Instructions to follow:
When you reach the line containing "Clement Ader Apart Otel 4*", begin reproducing the material exactly, stop after the line containing "російської атаки У", and leave out any pictures along the way.

Record excerpts:

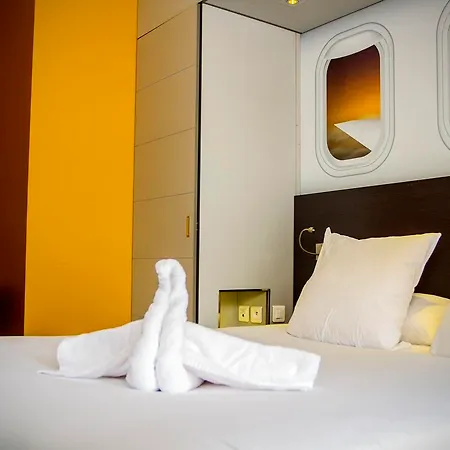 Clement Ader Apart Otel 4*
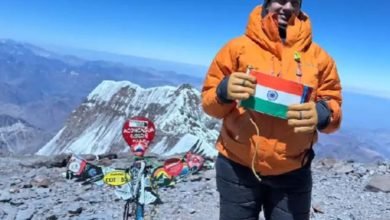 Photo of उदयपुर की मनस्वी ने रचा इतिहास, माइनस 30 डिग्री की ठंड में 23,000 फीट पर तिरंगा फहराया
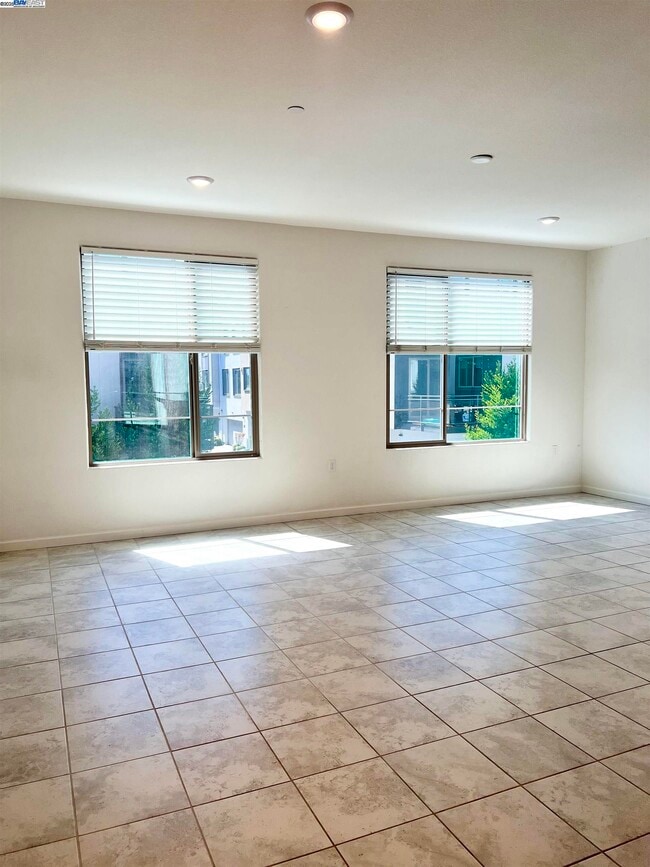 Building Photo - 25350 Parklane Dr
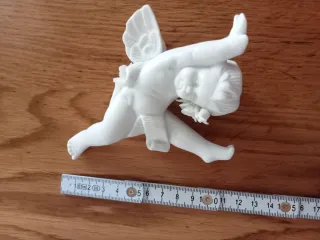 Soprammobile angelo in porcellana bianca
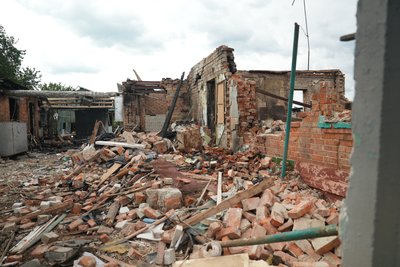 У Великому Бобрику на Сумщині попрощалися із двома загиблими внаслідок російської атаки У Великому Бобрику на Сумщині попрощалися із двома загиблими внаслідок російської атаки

* * *

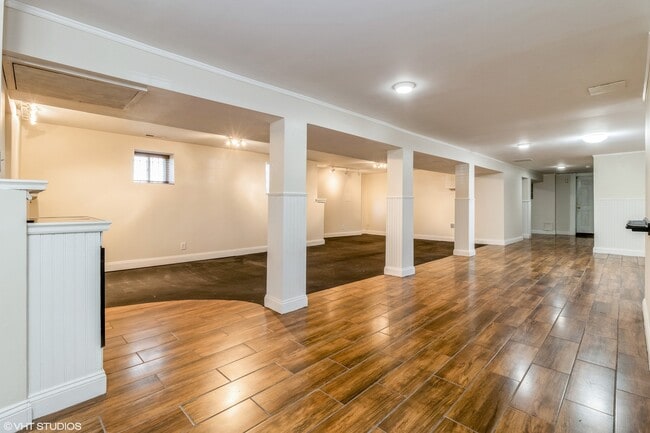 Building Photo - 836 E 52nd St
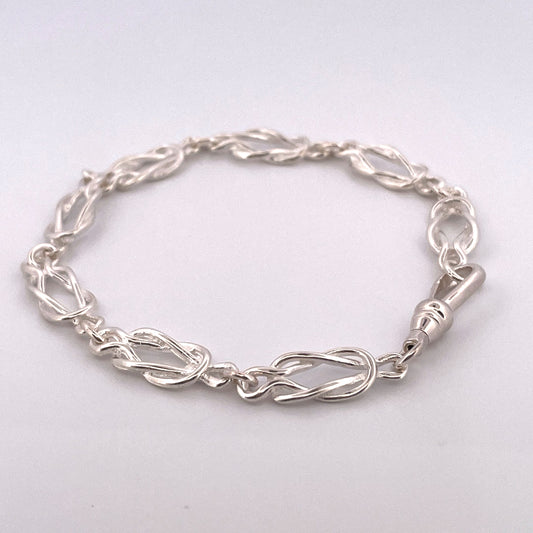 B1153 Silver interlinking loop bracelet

Worked solution:
 Clement Ader Apart Otel 4*
 Photo of उदयपुर की मनस्वी ने रचा इतिहास, माइनस 30 डिग्री की ठंड में 23,000 फीट पर तिरंगा फहराया
 Building Photo - 25350 Parklane Dr
 Soprammobile angelo in porcellana bianca
 У Великому Бобрику на Сумщині попрощалися із двома загиблими внаслідок російської атаки У Великому Бобрику на Сумщині попрощалися із двома загиблими внаслідок російської атаки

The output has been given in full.